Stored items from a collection

+ + +

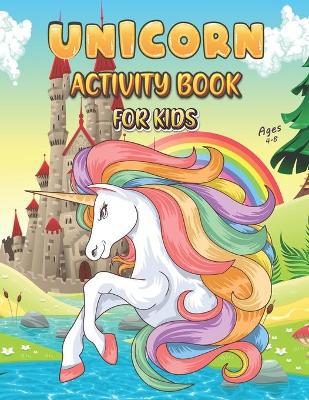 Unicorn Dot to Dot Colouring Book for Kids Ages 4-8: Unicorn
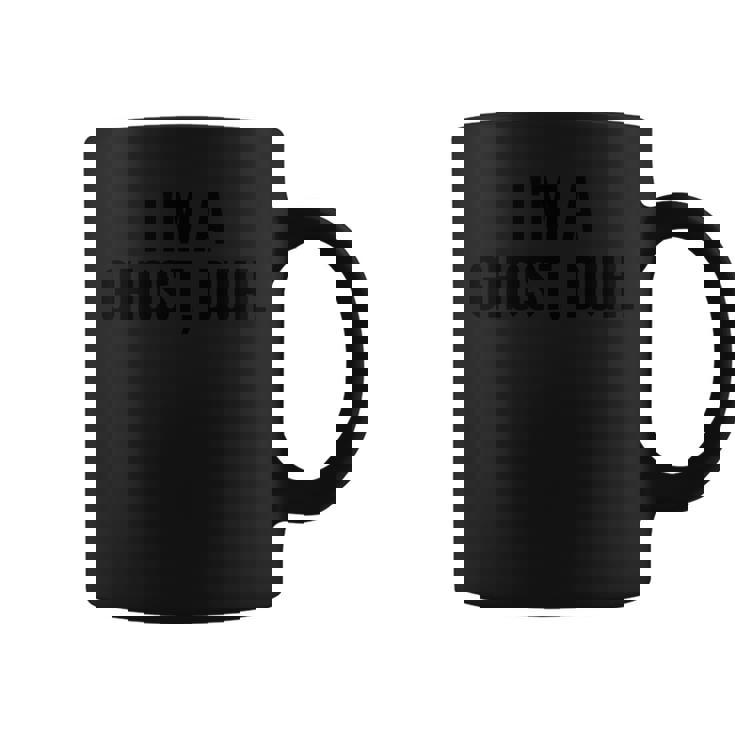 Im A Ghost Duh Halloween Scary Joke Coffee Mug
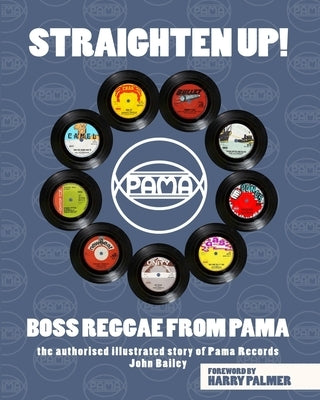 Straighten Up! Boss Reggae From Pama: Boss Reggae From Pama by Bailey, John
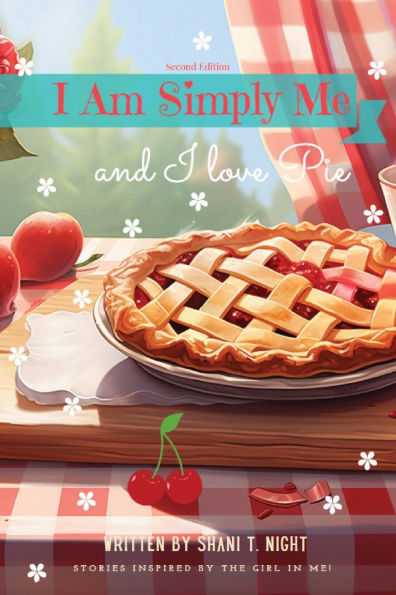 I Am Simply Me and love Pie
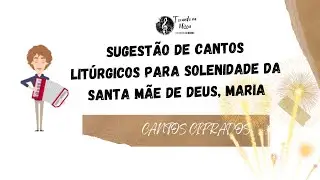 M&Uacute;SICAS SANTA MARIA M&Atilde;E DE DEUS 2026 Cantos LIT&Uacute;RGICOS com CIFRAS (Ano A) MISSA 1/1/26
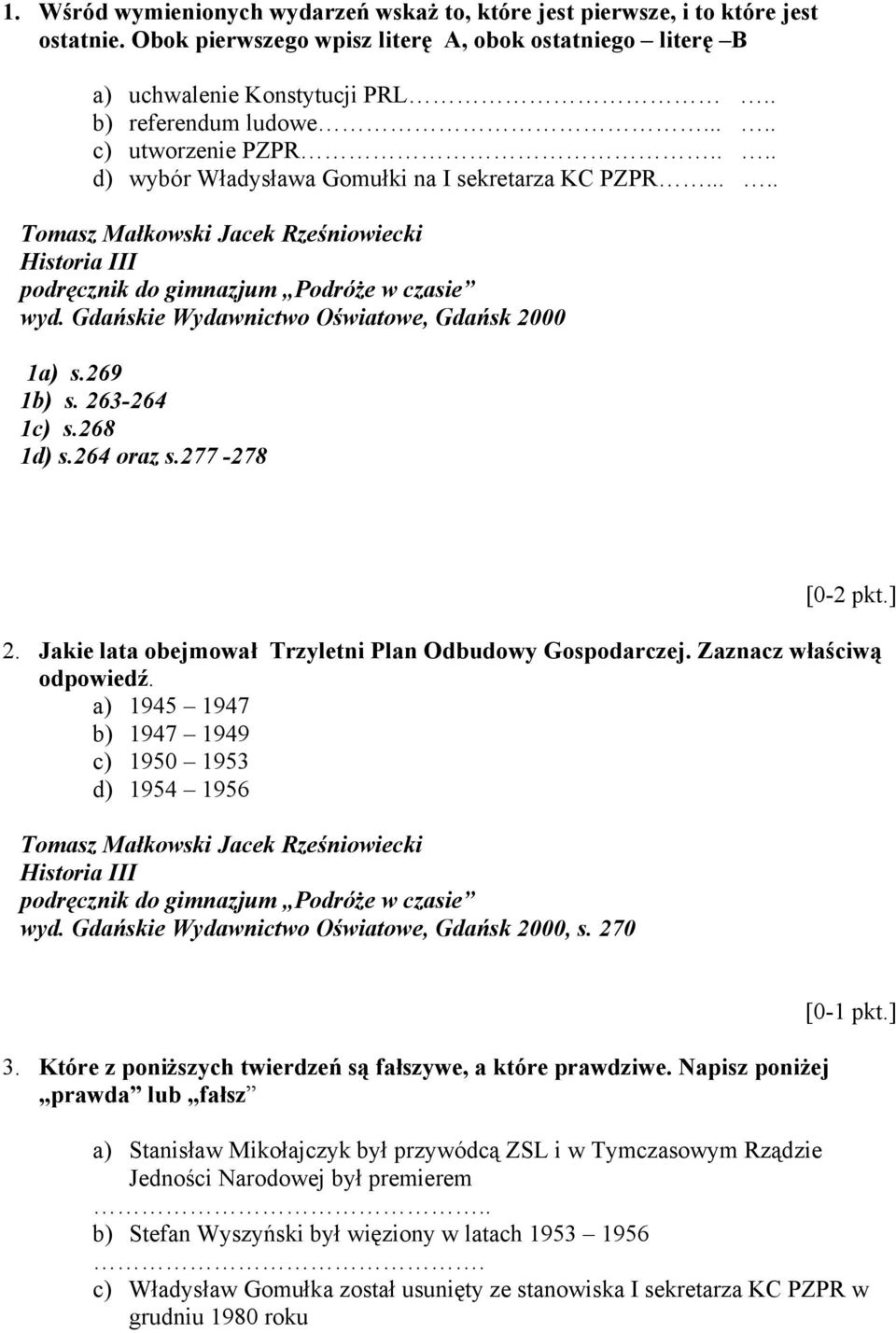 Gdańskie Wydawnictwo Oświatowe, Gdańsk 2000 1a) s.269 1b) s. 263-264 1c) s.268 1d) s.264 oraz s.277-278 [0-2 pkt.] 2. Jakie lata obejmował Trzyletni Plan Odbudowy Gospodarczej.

+ + +

### Directions
Please retype the lines from the one that contains "I Am Simply Me and love Pie" through the final line of the data, both included, without any pictures.

### Result below
 I Am Simply Me and love Pie
 M&Uacute;SICAS SANTA MARIA M&Atilde;E DE DEUS 2026 Cantos LIT&Uacute;RGICOS com CIFRAS (Ano A) MISSA 1/1/26
 Gdańskie Wydawnictwo Oświatowe, Gdańsk 2000 1a) s.269 1b) s. 263-264 1c) s.268 1d) s.264 oraz s.277-278 [0-2 pkt.] 2. Jakie lata obejmował Trzyletni Plan Odbudowy Gospodarczej.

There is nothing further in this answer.